Uada - Devoid of Light
Eisenwald
Atmospheric/Raw Black Metal
5 songs (33'48")
Release year: 2016
Eisenwald
Reviewed by Alex
Surprise of the month

Finding information on black metal entity Uada took effort since the band is a bit of a mystery. They originated in Portland, Oregon, and arrived on the scene recently with the Devoid of Light full-length, presenting their wares through a series of West Coast metal festivals. All four bandmembers covering up their faces with a facepalm in the only photoshoot so far with Peter Beste, Uada (“haunted” in Latin) delivers the aura of furtiveness and mystique.

Musicwise, if you were to start listening to Devoid of Light with the closer Black Autumn, White Spring, you would be allowed to assume that Uada is reflective of the geography they come from, the song very much in the tradition of Cascadian black metal. Rapid toned down blast and shifting spectral melodies reminisce of nature and spiritual exaltation as well as bring Wolves in the Throne Room earlier work to mind. Yet, even in that song, Uada has an underlying darker, more steeped in debauchery, streak which shows up full force in Natus Eclipsim. Thundering double bass and horns up headbanging, with Natus Eclipsim I was completely convinced that Uada is concerned in reflecting nature as much as they are interested in channeling their inner raw Sargeist. Powerful rolling Our Pale Departure brings together meanness and a touch folk, while S.N.M. takes the roof off completely in its deranged maddening dance. Jake Superchi’s vocals are mostly cackling, yet legible, but he can bring forth a suicidal howl at times (S.N.M., Black Autumn, White Spring), so he sounds unstable or purely crazy and makes me think Nattramn of Swedish Silencer.

With more viscous resinous title track, as well as throughout the album, Uada shows an excellent knack for skilled songwriting, playing repeating parts, but juxtaposing them well, so things never drag on.
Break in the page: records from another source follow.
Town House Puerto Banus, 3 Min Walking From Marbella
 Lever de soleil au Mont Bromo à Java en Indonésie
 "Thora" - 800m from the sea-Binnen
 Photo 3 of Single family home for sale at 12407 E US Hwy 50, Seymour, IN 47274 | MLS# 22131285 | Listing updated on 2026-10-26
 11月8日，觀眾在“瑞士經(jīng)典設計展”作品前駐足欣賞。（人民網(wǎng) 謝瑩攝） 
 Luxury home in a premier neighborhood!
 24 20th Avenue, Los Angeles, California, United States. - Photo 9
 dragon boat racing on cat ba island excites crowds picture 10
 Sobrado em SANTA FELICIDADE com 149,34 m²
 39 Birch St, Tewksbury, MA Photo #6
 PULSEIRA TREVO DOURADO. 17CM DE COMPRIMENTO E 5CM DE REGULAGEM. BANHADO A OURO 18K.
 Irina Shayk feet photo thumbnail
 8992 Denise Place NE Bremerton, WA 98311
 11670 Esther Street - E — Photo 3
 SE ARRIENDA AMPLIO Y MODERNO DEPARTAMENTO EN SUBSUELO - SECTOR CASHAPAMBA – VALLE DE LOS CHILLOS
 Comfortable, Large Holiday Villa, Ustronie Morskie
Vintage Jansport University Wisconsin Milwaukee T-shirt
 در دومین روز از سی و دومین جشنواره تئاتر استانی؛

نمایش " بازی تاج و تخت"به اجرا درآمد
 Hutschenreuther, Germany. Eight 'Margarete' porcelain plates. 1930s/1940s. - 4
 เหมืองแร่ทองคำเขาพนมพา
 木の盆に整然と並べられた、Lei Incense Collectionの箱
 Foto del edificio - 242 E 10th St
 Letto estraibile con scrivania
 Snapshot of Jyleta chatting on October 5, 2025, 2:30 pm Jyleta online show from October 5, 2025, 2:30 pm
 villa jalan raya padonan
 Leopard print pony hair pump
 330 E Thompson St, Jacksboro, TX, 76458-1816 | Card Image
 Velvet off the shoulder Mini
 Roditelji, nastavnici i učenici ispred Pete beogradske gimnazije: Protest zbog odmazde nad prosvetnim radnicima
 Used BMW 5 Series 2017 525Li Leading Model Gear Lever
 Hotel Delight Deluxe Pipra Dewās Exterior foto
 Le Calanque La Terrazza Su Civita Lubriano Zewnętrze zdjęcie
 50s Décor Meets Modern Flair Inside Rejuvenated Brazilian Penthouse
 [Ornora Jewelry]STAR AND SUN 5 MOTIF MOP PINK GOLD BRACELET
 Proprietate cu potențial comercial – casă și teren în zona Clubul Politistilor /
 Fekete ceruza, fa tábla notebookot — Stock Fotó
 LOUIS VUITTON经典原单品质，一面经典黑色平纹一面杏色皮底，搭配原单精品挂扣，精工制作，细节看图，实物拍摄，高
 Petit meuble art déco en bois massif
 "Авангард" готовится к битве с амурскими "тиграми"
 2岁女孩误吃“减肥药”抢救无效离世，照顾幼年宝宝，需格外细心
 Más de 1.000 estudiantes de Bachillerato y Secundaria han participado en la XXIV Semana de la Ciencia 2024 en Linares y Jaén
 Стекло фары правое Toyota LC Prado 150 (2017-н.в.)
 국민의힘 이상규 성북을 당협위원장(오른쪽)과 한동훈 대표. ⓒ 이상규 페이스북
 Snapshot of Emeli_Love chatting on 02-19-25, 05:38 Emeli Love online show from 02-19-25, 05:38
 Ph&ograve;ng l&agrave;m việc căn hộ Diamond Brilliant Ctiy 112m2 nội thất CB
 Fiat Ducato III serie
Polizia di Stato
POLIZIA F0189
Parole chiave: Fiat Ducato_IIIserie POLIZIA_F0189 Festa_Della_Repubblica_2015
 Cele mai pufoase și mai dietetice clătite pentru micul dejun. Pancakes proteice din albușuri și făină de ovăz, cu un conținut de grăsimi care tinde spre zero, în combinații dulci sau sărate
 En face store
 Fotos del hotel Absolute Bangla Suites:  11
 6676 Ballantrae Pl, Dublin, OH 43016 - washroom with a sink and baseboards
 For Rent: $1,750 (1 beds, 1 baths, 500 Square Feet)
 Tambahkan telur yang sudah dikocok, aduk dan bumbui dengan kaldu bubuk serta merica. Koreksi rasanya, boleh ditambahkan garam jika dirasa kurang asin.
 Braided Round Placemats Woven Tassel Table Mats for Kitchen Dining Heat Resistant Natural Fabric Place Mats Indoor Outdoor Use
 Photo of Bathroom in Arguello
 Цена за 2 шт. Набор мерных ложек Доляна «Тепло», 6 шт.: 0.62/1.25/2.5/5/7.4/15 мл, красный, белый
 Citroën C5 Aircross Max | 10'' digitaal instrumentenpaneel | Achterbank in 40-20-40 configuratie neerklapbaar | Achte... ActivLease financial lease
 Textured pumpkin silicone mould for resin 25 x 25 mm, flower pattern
Shape shifting solos, like the one closing Black Autumn, White Spring also probably hint that some in Uada have a more formal music education, but it is just a guess.

Overall, Devoid of Light is a surprisingly strong effort, appealing to both fans of melancholic and atmospheric black metal as well as to those more into rawer, yet still melodic, side of this extreme genre.

Killing Songs :
Natus Eclipsim, Our Pale Departure, S.N.M.